Unfortunately, summertime sleep disruption is virtually inevitable for most children. However, that doesn’t mean you’re helpless against its negative effects. In fact, the more knowledgeable parents are about children and sleep, the better sleep their children receive. There are many simple actions you can take to help protect your children and teens against the consequences of summertime sleep disturbances.
Children tend to maintain later sleep and wake times when they don’t have to go to school the next morning. This trend is even more pronounced in adolescents, who naturally have later bedtimes as they get older, even when they have to wake up early the next morning. For these reasons, you might want to adjust your children’s sleep schedules to allow them to stay up later during the summer. Still, this later bedtime should remain consistent from night-to-night and their wakeup time should become later too, to ensure they still get enough sleep.
A consistent bedtime routine can help promote a consistent sleep schedule. About an hour before bed, encourage your child to start their bedtime routine. This routine might include changing into pajamas, brushing teeth, dimming the lights, and reading a bedtime story. Older children and adolescents might not want a bedtime story, but they can read in bed or do gentle stretches to relax. Make sure they stop using devices during this time — smartphones, tablets, and TVs emit blue light that can interfere with sleep.

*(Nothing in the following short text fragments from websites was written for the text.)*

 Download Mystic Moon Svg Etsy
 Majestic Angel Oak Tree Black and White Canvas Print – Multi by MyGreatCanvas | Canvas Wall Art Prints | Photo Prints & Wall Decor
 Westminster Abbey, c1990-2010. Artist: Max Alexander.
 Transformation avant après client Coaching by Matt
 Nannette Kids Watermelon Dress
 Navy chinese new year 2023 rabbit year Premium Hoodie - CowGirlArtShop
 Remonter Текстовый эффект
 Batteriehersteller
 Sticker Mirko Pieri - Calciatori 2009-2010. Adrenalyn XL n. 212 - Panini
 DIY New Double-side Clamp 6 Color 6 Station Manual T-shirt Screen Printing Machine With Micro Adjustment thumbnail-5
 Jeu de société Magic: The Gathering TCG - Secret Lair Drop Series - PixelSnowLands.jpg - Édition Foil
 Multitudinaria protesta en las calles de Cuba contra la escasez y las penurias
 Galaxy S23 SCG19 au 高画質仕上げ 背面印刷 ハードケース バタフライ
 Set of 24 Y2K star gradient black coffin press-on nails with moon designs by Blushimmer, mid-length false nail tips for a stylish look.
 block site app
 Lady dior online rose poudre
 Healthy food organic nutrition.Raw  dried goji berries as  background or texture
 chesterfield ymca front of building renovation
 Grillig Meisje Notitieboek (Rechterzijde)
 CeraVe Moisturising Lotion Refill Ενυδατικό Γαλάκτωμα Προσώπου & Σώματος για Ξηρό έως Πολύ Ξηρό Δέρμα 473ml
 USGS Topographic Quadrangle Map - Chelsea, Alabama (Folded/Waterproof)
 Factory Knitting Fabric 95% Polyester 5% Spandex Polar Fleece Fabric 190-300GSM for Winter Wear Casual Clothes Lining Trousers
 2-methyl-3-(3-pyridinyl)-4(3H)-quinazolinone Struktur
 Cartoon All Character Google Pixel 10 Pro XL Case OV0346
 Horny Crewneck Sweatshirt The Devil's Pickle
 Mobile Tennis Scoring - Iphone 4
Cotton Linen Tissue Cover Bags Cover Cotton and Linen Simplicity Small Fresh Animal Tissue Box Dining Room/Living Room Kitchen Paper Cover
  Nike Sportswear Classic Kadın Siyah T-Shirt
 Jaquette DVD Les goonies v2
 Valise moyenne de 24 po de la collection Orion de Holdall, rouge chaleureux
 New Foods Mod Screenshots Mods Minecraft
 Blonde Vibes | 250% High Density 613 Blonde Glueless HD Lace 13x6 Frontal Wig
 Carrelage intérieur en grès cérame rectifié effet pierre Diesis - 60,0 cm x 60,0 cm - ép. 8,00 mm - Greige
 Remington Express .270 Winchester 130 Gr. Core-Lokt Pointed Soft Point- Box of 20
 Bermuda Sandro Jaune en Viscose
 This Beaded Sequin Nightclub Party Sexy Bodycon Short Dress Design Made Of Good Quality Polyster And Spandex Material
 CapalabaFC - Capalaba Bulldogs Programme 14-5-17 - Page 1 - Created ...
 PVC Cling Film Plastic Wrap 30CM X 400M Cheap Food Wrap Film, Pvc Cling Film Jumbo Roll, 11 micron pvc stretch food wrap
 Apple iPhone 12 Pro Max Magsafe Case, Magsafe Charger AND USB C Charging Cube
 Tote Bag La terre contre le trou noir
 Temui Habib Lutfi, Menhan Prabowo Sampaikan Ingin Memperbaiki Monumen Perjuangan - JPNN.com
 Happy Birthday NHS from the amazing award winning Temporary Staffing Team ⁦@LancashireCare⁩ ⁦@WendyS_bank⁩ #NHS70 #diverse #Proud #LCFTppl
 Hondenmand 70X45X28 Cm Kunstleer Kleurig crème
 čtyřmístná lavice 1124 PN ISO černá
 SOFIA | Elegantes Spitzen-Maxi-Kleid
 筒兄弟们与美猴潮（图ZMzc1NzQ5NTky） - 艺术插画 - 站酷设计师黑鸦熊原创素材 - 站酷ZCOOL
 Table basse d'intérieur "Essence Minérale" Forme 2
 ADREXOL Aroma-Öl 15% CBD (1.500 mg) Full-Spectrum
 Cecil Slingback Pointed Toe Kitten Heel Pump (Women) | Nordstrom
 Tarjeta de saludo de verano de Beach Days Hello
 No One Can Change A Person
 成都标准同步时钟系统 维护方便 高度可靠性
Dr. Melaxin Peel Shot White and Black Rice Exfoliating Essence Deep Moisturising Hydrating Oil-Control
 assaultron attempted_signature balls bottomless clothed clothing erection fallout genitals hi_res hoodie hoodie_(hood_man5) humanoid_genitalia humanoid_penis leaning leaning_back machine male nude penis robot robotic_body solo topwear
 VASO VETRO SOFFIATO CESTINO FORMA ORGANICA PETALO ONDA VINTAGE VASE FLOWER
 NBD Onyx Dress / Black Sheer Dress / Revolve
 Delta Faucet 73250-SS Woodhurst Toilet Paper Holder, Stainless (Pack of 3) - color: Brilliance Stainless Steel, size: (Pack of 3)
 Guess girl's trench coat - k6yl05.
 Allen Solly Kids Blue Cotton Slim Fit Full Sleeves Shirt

Though summer brings more unstructured time than other times of the year, it is important to maintain some of the same habits, as daytime behavior affects how well people of all ages sleep at night. For example, the more physically active children are during the day, the more quickly they fall asleep at night. Although dietary factors need further study to provide conclusive information, it appears healthier diets likely promote better sleep. Encourage your kids to engage in physical play or exercise daily, as well as eat healthy foods like fruits, vegetables, and whole grains.
An important part of summertime sleep hygiene is adjusting bedroom conditions to fit the season. In many locations, summer months are sunnier and hotter. To keep sunshine from waking your child up too early in the morning, consider investing in blackout curtains. These curtains keep any light from coming in. If those aren’t feasible, an eye mask is another option for blocking out potentially disruptive light. Also, with longer days, consider transitioning inside, out of daylight, in the hour before bed. This will cue your body that it’s time to prepare for sleep.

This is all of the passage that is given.